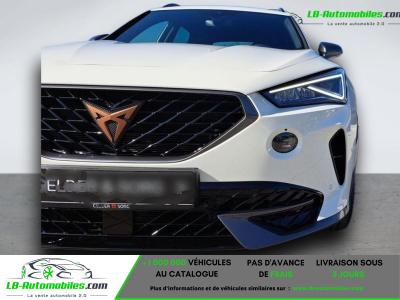 Cupra Formentor 2.0 TSI 310 ch BVA 4Drive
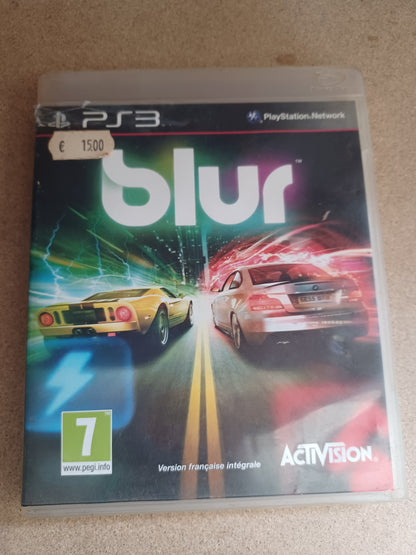 Blur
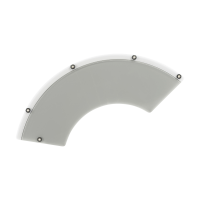 Electra Ponto Go! Drive Side Skirtguard
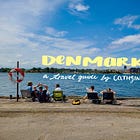 Denmark Should Be On Your Bucket List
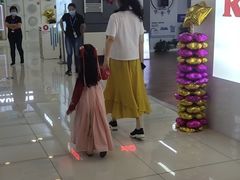 -苏宁易购(Suning Pro南京山西路店)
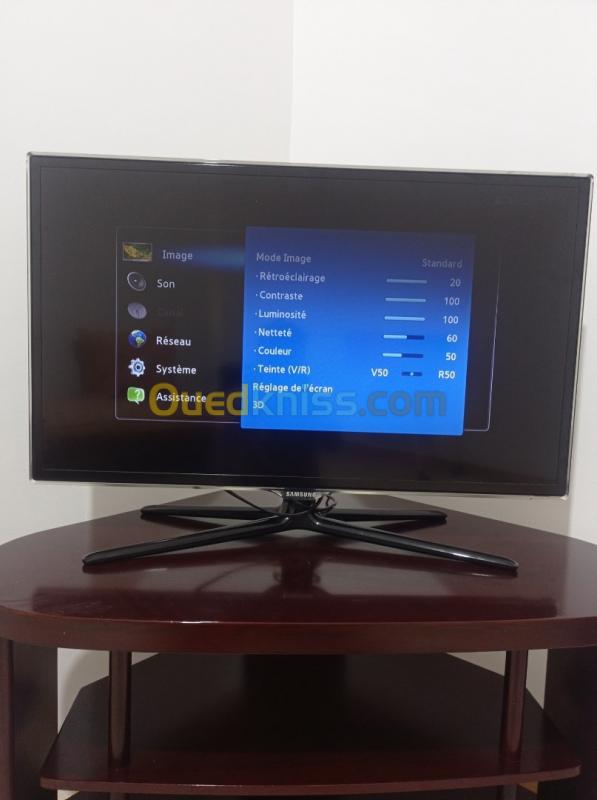  Samsung smart tv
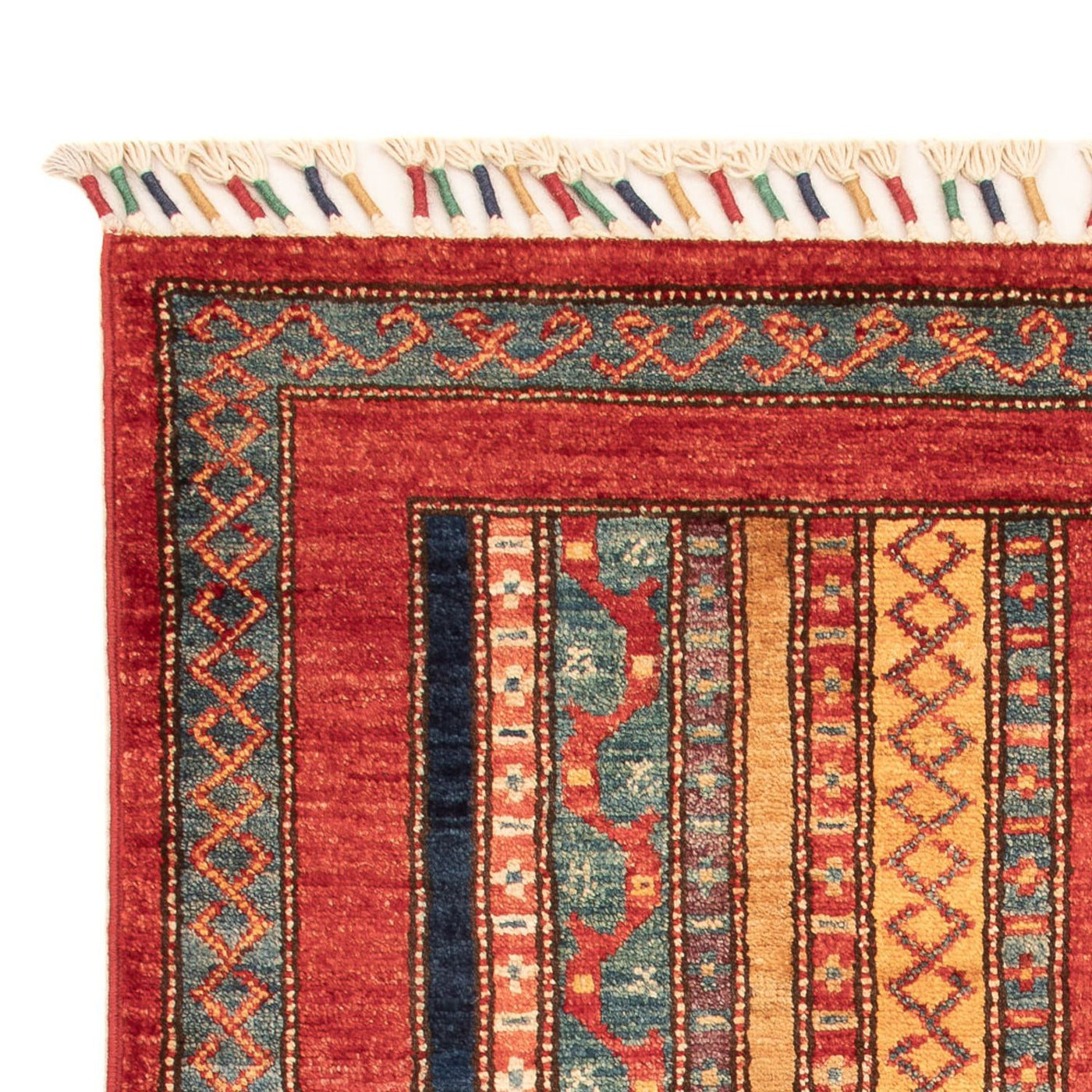 Shal Tappeto 120x81cm - Tappeto orientale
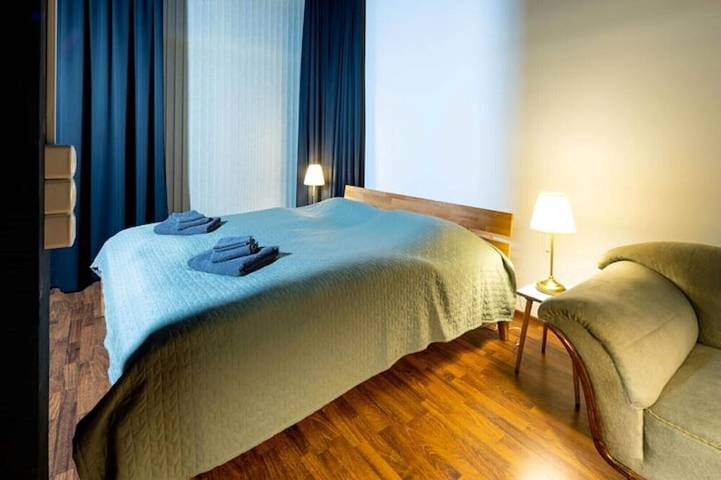Ferienwohnung für 2 Personen in Pieschen (Dresden)
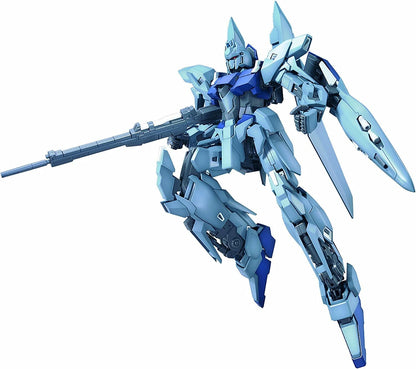 Gundam MG 1/100 Delta Plus Model Kit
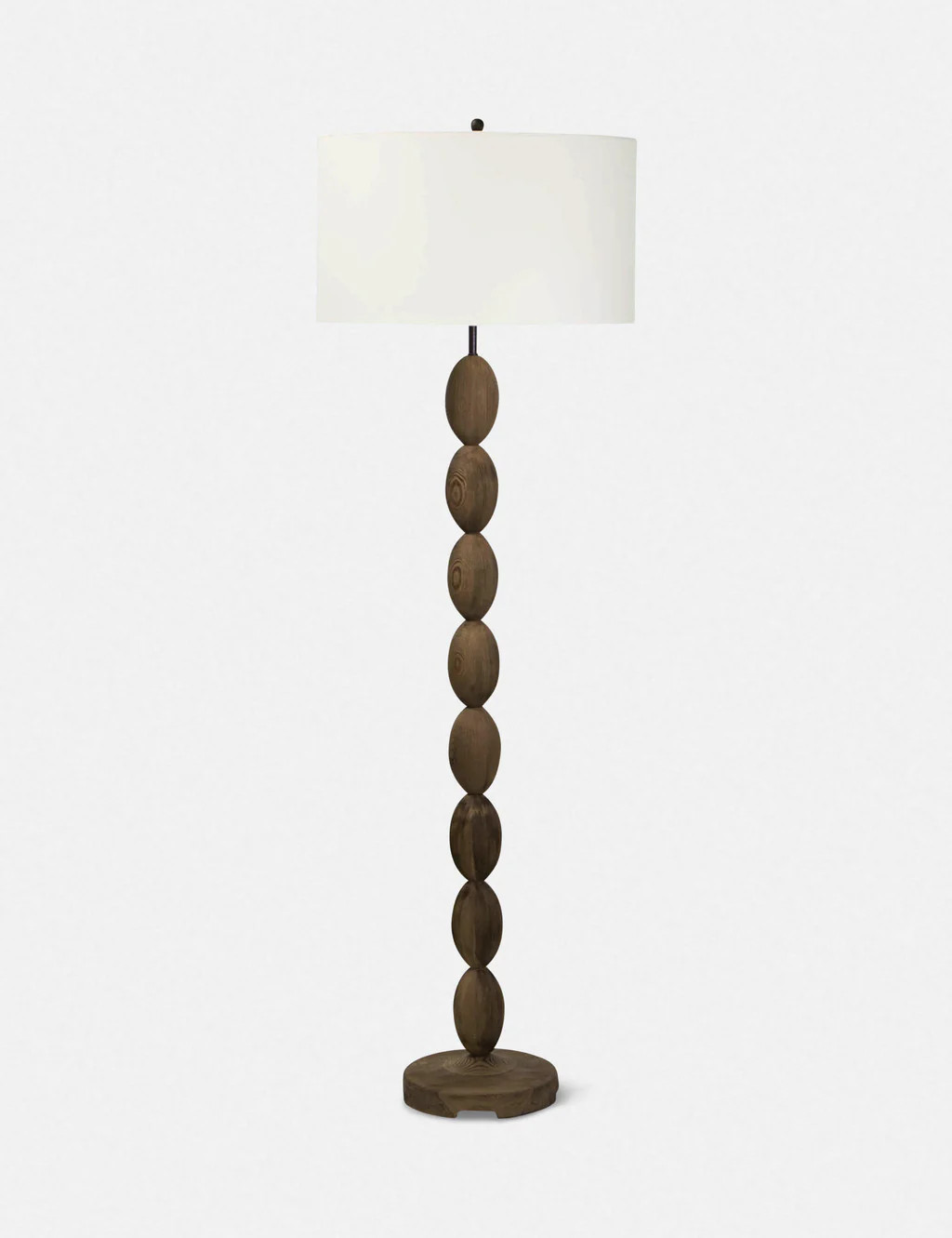 Coastal Living Buoy Floor Lamp | Lulu and Georgia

# # #

**YOUR ASSIGNMENT**
All of the material above should be set down again exactly, though not its pictures.

**RESULT OF THIS EXERCISE**
 Cupra Formentor 2.0 TSI 310 ch BVA 4Drive
 Blur
 Electra Ponto Go! Drive Side Skirtguard
 Denmark Should Be On Your Bucket List
 -苏宁易购(Suning Pro南京山西路店)
  Samsung smart tv
 Shal Tappeto 120x81cm - Tappeto orientale
Ferienwohnung für 2 Personen in Pieschen (Dresden)
 Gundam MG 1/100 Delta Plus Model Kit
 Coastal Living Buoy Floor Lamp | Lulu and Georgia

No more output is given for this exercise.